Start of Block

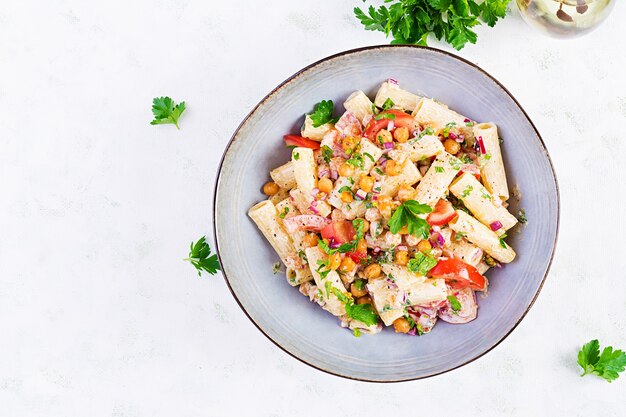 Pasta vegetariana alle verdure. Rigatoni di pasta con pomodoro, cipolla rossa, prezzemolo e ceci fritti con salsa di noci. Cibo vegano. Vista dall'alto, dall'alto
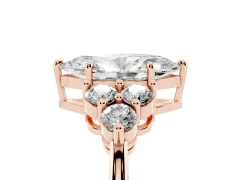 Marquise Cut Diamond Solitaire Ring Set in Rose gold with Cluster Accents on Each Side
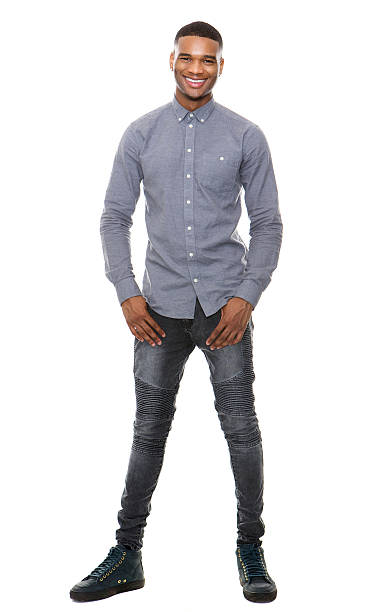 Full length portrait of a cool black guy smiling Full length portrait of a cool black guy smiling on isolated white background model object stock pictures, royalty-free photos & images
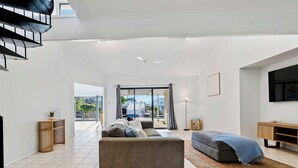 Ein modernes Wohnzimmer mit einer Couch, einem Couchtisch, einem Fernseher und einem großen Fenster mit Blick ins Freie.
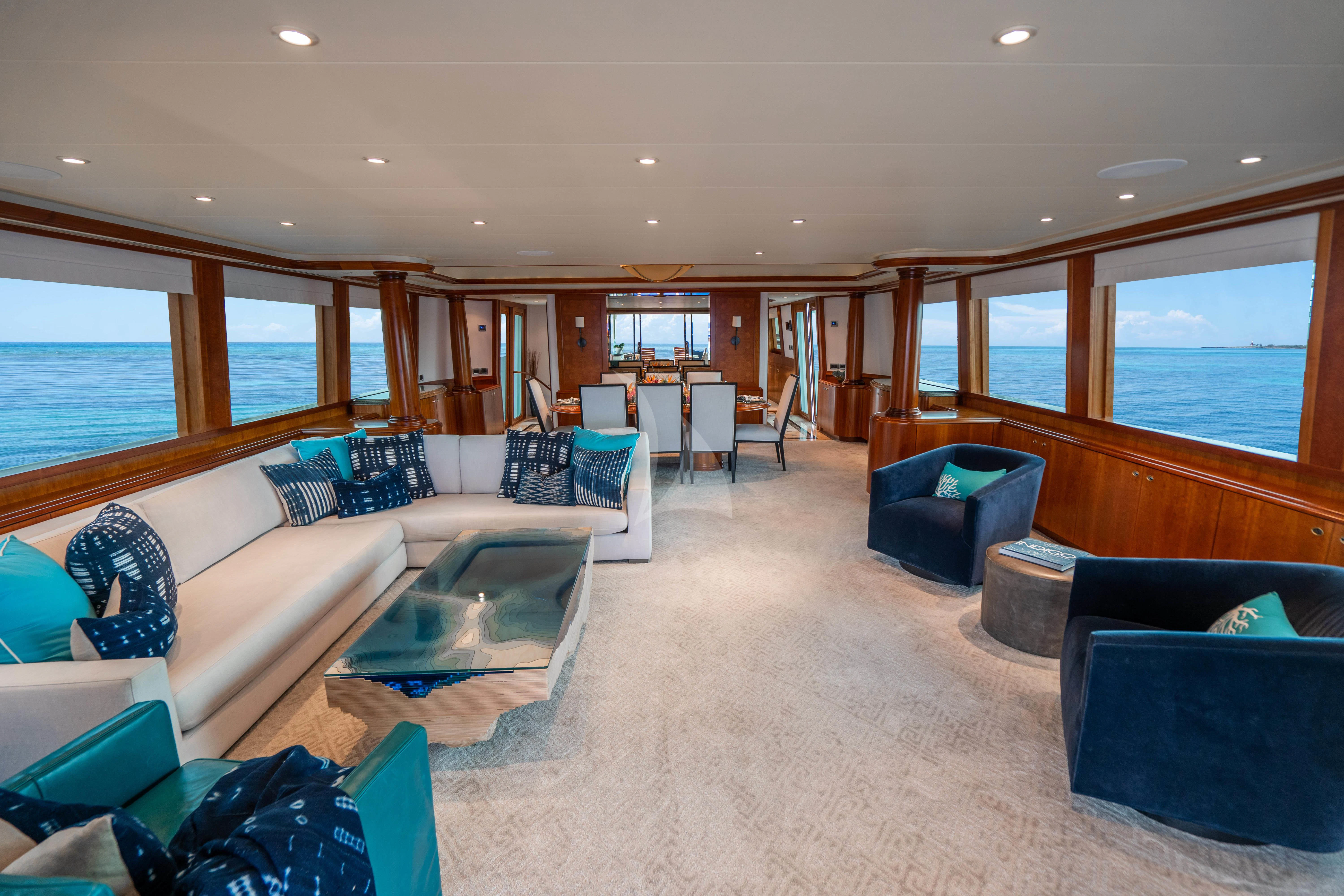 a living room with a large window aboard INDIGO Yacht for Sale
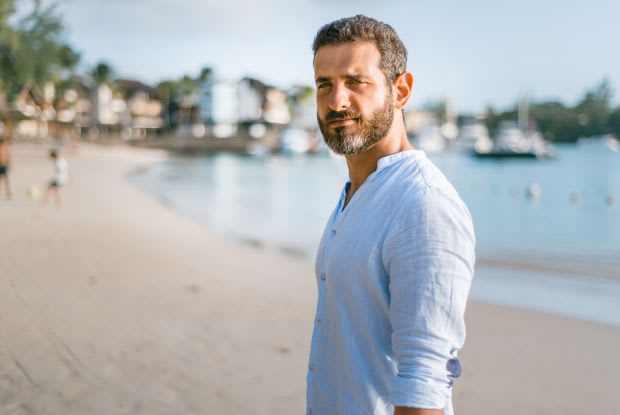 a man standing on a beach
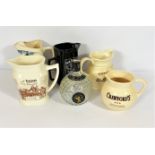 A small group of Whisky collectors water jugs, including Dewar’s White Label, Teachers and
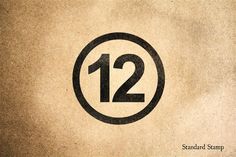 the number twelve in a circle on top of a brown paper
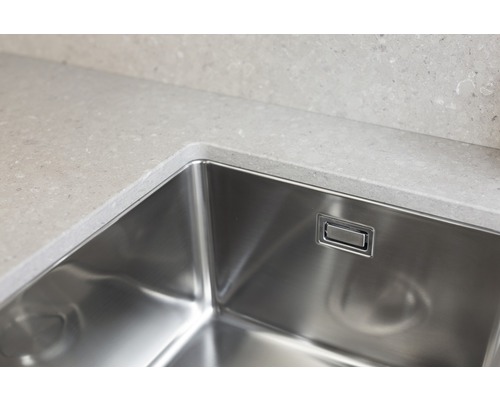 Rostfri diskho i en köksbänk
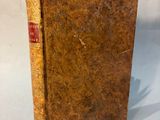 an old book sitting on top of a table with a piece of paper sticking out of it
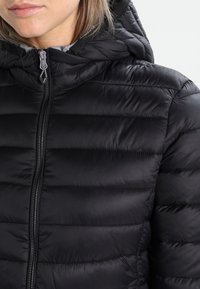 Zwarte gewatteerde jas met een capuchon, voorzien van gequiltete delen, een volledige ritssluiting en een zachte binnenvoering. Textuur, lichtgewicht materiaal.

End of Block

§ EXERCISE: Leave out the pictures, and write out exactly the lines from the line containing "an old book" through the end of the records above.

§ SOLUTION FOR THIS TASK:
 an old book sitting on top of a table with a piece of paper sticking out of it
 Zwarte gewatteerde jas met een capuchon, voorzien van gequiltete delen, een volledige ritssluiting en een zachte binnenvoering. Textuur, lichtgewicht materiaal.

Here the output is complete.